One warm morning last fall, that week’s group of cooks milled about the Depanneur’s large communal table, sharing jokes and drinking coffee with homemade anise-flavored cookies. Rahaf Alakbani, a 26-year-old Druze woman from Sueda, in Syria’s south, and a former graduate student in English literature, urged everyone to don aprons and get to work. There was pita bread to be cut for the fattoush salad, onions to be browned for shakriya, a thick beef stew, and semolina flour to be mixed for the maamoul cookies.
“I had no professional cooking experience at all,” Alakbani says as she leads the crew, “but I have always loved cooking.” Like most women here, she learned the recipes at her mother’s side.
Syria has one of the world’s oldest and richest cuisines, and regional differences, even between towns, are hotly contested. “There is no official translation,” says Len Senater, who owns the Depanneur. “Sometimes there’s 20 different spellings for the same dish,” and because “each woman’s version is the gold standard”, the taste of the dish changes weekly.
Newcomer Kitchen, at its heart, is a social experiment. “Food isn’t the end goal,” says Cara Benjamin-Pace, a retired software entrepreneur who helped found the group. “It’s the platform and conversation of how to bring people together and keep the culinary traditions of these women at a certain level.”
It is also, crucially, a source of healing. After Isis killed one of her brothers as she watched, Gadda Abdulaha and her family scattered around the world. Two of her brothers now work as cooks in Europe, while she landed in Toronto with her husband and two children.

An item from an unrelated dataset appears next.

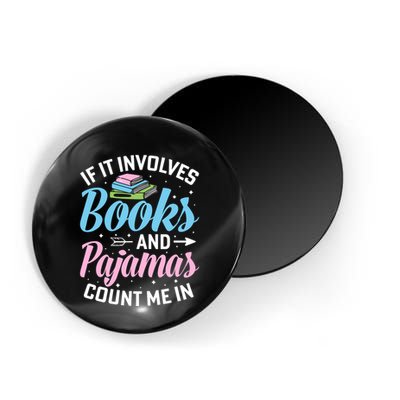 Reading Bedtime If It Involves Books And Pajamas Count Me In Magnet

“I felt very comfortable coming here,“ Abdulaha says, on her first visit back to Newcomer Kitchen since the birth of her daughter, named Rahaf after Alakbani, who she says saved her from post-traumatic stress and depression. “Listening to the stories of others makes you feel OK, that you aren’t the only one who suffers. Cooking with them helped me overcome this trauma.”
Alakbani smiles at her little namesake and breaks out in song (“always love songs, sexy songs”), clapping a syncopated beat, as others thwack maamoul dough onto baking sheets from a mould. Soon the kitchen is a riot of singing, dancing and smells, as a potluck lunch of fresh hummus and baba ghanouj, vegetarian kibbe and spiced meat pies called shamborak fill the table for lunch.
“Yallah!” Alakbani shouts over the joyful scene. “Let’s eat.”